Any printed rendition of a natural scene is a distortion of the true tonal range, because it's rarely possible to represent the full brightness range of the original scene within the limited reflectivity range of a piece of paper. The characteristic curve of photographic printing paper is far from linear too, and you also have to take into account the ability of the eye and brain to adapt to ambient lighting conditions. The eye will take the brightest part of any scene as its 'white point', no matter how dim the light really is.
All this makes any photographic print, or painting for that matter, a distortion of reality, and the best we can do is aim to capture the mood of the scene. If that means expanding the true contrast, so that the print doesn't look dull, lifeless, and grey, then that's what needs to be done.

-- Pete Andrews (p.l.andrews@bham.ac.uk), September 13, 2001.

Stephen, I'm aware of the problem. I think there are two points: the technical and the aesthetical (psychological).

From technical point of view if you don't want "artificially" raise the contrast, you inevitably get a flat print.
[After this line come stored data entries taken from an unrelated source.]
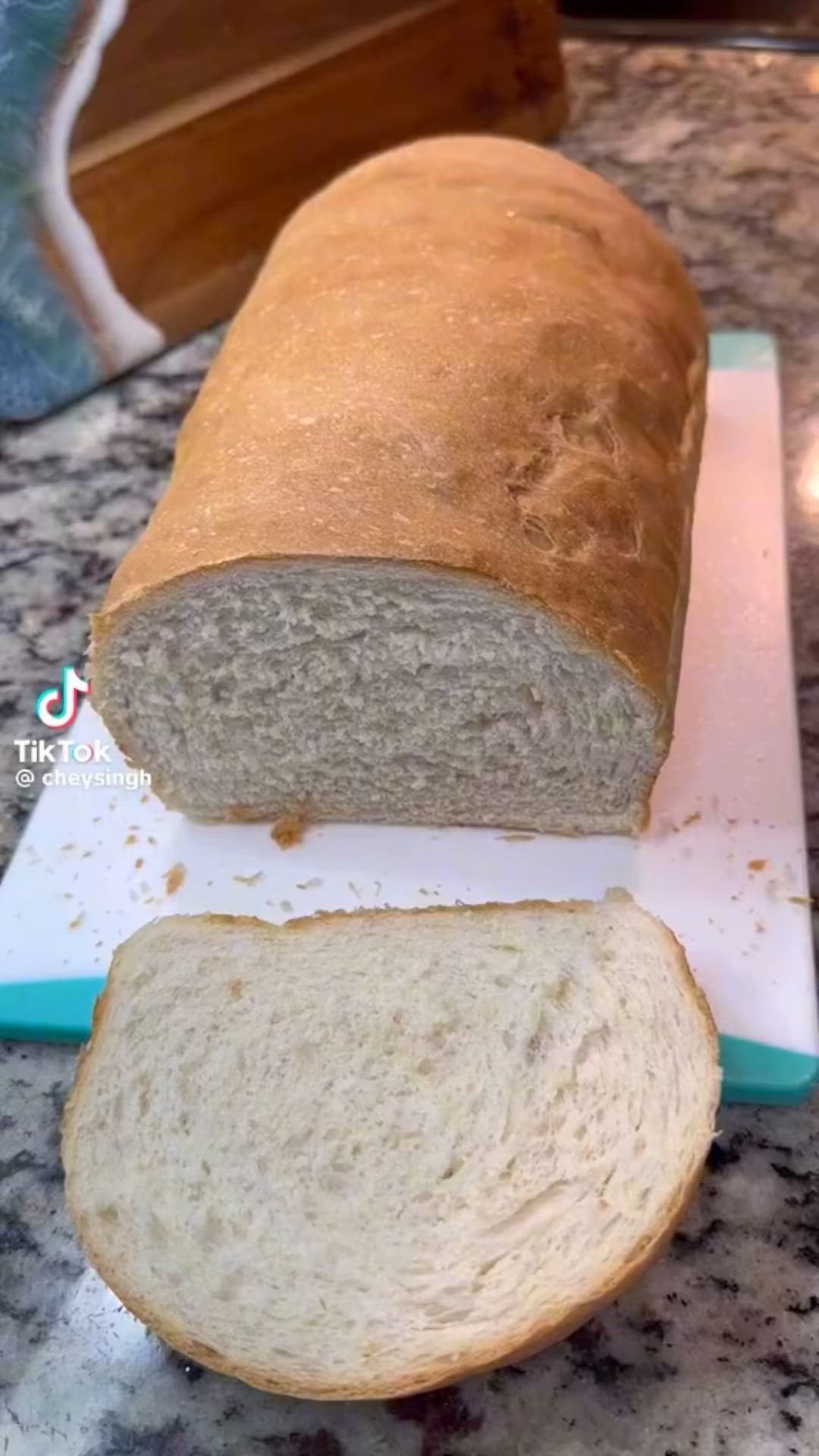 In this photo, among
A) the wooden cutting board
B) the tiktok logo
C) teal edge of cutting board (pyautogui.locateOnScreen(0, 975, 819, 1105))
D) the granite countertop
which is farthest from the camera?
the wooden cutting board

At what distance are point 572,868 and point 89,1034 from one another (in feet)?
2.26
But "flat" is not always bad, sometimes it can reflect the mood of the scene (by the way I don't think that every print must show full tonal range that the paper can show; for example look at http://masters-of- photography.com/S/stieglitz/stieglitz_spring_showers_full.html).

Another my observation: if the viewer fully recognize the way the scene is lighted, the contrast of the print can be somewhat raised without destroying the mood: the viewer's brain does some "compensation".
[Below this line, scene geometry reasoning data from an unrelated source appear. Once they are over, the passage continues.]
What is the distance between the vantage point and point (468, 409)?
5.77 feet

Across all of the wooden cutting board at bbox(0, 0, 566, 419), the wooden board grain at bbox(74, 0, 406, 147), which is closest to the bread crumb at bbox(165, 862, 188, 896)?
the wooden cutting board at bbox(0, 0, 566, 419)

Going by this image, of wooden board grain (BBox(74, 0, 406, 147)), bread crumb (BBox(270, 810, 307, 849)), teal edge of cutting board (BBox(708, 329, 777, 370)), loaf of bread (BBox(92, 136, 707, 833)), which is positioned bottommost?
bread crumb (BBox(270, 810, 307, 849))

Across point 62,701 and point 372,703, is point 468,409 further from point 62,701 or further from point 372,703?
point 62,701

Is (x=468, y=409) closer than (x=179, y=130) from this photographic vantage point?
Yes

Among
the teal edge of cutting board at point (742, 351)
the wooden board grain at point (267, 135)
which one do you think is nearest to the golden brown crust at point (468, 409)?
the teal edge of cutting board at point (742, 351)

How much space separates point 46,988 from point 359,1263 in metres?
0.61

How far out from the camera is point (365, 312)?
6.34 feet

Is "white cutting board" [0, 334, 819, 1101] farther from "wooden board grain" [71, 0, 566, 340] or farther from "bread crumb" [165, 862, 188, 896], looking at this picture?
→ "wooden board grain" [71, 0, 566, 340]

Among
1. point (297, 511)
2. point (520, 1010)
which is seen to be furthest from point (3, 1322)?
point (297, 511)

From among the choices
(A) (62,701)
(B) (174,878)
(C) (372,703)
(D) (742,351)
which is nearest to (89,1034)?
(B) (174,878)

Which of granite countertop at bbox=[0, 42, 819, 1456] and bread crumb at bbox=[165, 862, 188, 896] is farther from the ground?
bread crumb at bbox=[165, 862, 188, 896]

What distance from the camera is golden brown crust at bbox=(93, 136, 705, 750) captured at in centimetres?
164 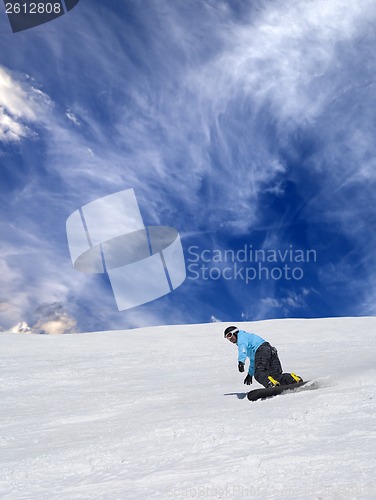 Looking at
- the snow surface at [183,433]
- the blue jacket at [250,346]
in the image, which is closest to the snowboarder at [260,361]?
the blue jacket at [250,346]

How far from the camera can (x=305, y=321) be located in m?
23.7

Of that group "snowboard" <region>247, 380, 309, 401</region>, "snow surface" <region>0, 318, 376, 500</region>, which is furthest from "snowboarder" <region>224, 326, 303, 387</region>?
"snow surface" <region>0, 318, 376, 500</region>

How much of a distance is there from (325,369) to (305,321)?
13306 mm

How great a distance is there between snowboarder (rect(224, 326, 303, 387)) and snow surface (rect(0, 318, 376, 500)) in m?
0.60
Finally, if the low contrast scene has a small detail at the end of tonal range of the scene and this details shows high contrast structure (for example a piece of dark twig in the foreground with very deep and high contrast texture – it can be achieved with burning this small area with different filter# if you use MG paper), then the very fact of the presence of such a detail shows, that not your print is flat, but the rest of the scene is soft. – The similar trick often used in high-key shot, where small dark area establish a "reference tone" and saves the whole image from to be considered as heavily overexposed.

Sorry for my broken English.

-- Andrey Vorobyov (AndreyVorobyov@yahoo.com), September 13, 2001.
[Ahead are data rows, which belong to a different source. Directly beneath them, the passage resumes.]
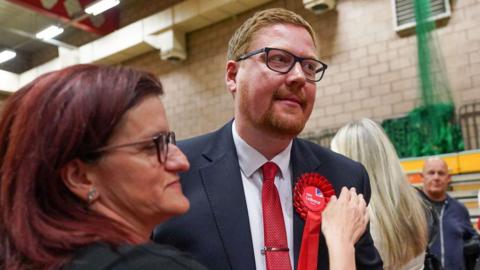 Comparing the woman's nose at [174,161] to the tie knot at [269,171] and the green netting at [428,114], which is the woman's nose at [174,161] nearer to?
the tie knot at [269,171]

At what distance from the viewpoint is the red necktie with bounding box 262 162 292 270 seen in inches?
54.7

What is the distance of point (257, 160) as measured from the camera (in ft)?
5.13

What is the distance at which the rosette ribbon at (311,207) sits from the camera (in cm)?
140

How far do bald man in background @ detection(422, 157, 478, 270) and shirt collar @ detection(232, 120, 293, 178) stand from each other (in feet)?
8.41

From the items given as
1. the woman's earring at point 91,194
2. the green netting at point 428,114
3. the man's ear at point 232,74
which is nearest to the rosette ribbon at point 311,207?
the man's ear at point 232,74

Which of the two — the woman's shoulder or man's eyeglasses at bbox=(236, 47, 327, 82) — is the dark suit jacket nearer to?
man's eyeglasses at bbox=(236, 47, 327, 82)

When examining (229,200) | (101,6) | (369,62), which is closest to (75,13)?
(101,6)

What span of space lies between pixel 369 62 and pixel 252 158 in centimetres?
486

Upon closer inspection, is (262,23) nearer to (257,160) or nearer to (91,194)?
(257,160)

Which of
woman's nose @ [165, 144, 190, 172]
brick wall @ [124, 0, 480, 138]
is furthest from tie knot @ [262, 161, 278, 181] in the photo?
brick wall @ [124, 0, 480, 138]

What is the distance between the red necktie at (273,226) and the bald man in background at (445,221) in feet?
8.68

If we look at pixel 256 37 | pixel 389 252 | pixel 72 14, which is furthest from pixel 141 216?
pixel 72 14

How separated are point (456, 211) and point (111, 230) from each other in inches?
152

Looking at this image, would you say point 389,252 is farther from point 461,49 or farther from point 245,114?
point 461,49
Since you are a large format photographer: I have found that developing film in a staining developer, such as a pyro or pyrocatechin formula, enables me to retain printable high values in very long scale situations, and that even the longest scale negatives can be contact-printed on Azo with little or no dodging and burning.

-- Ed Buffaloe (edb@unblinkingeye.com), September 13, 2001.

I concur with Pete. When I began with Large format I found it difficult to translate highlights and quality of light I remembered into a negative. The prints always were flat and lacked any real impact. What I discovered, as Pete explains, your mind keys on the highlights and constructs the contrast of the scene you remeber based on those highlights. To achieve satisfactory results I learned to expose and develop for slightly more contrast than you would normally expect (also considering this may mean reducing development slightly less then you had been doing) or using a faster film such as TMY or HP5 and pulling to slightly increase highlight seperation. With the detail available in the highlights you can use printing for more contrast control. highlight detail even when printed down always seems to give the impression of more luminosity then the same area with no detail IMHO. There was a post about pulling certain films for zone increases on the film and processing board. Hope this helps.